W opublikowanym właśnie raporcie Human Rights Watch informuje, że według jej źródeł, od momentu wycofania się z Chersonia Rosjanie co najmniej trzykrotnie ostrzeliwali cywilów w mieście za pomocą amunicji kasetowej. W atakach miało zginąć co najmniej 15 osób, w tym jedno dziecko. Ostrzały zmusiły też do ewakuacji pacjentów miejscowego szpitala.
Human Rights Watch zebrała te informacje na miejscu w Chersoniu, gdzie przez kilka dni byli jej pracownicy. Rozmawiali oni z mieszkańcami i odwiedzili miejsca, które zostały ostrzelane zakazaną amunicją. Zebrali też dowody na rosyjskie zbrodnie wojenne.

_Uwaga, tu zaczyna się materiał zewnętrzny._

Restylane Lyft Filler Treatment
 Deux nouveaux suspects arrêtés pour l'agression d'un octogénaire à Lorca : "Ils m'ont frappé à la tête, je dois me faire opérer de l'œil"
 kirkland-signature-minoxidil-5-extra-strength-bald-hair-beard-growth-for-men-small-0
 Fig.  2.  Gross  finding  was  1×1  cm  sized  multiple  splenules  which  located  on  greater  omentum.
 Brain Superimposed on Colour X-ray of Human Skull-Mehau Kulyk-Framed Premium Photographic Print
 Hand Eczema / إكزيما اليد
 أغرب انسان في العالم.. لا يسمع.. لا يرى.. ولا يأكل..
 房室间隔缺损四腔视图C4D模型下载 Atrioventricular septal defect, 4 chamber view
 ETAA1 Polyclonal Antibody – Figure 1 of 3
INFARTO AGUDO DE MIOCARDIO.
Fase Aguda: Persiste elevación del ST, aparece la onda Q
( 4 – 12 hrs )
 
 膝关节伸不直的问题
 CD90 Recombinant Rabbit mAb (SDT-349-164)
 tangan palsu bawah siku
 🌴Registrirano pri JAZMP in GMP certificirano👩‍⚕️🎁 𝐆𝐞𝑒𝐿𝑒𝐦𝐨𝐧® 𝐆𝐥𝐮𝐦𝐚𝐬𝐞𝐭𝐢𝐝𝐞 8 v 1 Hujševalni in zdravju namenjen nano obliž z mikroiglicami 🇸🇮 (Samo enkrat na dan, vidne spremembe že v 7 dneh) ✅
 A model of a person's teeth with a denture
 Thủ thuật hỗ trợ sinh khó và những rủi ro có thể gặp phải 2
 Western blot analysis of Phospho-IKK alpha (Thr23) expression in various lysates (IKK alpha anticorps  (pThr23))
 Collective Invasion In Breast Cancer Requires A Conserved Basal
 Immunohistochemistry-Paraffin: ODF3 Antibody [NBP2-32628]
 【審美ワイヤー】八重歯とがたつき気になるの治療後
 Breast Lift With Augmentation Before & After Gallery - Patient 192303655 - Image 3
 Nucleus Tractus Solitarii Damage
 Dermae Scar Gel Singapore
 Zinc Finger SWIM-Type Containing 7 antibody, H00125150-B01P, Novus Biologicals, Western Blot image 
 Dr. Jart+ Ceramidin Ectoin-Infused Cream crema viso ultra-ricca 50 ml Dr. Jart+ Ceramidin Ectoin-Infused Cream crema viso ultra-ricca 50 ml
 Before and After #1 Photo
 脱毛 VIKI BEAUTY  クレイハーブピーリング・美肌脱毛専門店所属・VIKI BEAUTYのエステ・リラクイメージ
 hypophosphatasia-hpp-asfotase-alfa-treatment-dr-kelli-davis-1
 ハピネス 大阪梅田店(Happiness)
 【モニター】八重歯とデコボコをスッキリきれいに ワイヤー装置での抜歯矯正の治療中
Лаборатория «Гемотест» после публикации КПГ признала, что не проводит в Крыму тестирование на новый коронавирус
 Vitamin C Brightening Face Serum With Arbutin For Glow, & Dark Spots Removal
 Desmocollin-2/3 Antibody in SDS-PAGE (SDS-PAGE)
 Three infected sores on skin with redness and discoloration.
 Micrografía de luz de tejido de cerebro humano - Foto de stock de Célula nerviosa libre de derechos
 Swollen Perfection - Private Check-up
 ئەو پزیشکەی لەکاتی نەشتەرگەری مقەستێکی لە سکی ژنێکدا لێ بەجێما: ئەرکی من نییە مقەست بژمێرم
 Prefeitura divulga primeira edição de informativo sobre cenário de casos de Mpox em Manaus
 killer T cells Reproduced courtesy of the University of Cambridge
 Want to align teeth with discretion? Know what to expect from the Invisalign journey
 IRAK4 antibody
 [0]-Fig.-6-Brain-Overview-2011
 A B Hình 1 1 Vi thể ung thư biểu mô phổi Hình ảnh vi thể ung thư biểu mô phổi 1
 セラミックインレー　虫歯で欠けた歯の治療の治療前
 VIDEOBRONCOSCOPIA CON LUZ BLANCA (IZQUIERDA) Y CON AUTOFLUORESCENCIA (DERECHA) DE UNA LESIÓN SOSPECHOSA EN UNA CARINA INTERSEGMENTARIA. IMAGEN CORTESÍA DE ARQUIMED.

Już wcześniej Zachód oraz organizacje praw człowieka wielokrotnie zarzucały Rosji używanie zakazanej międzynarodowymi konwencjami broni. Moskwa nie podpisała jednak konwencji w tej sprawie z 2008 roku.
Chersoń był najważniejszym z ukraińskich miast, jakie Rosjanie zdobyli od początku inwazji na Ukrainę. Po ośmiu miesiącach okupacji wojska rosyjskie wycofały się z miasta pod naporem ukraińskiej armii.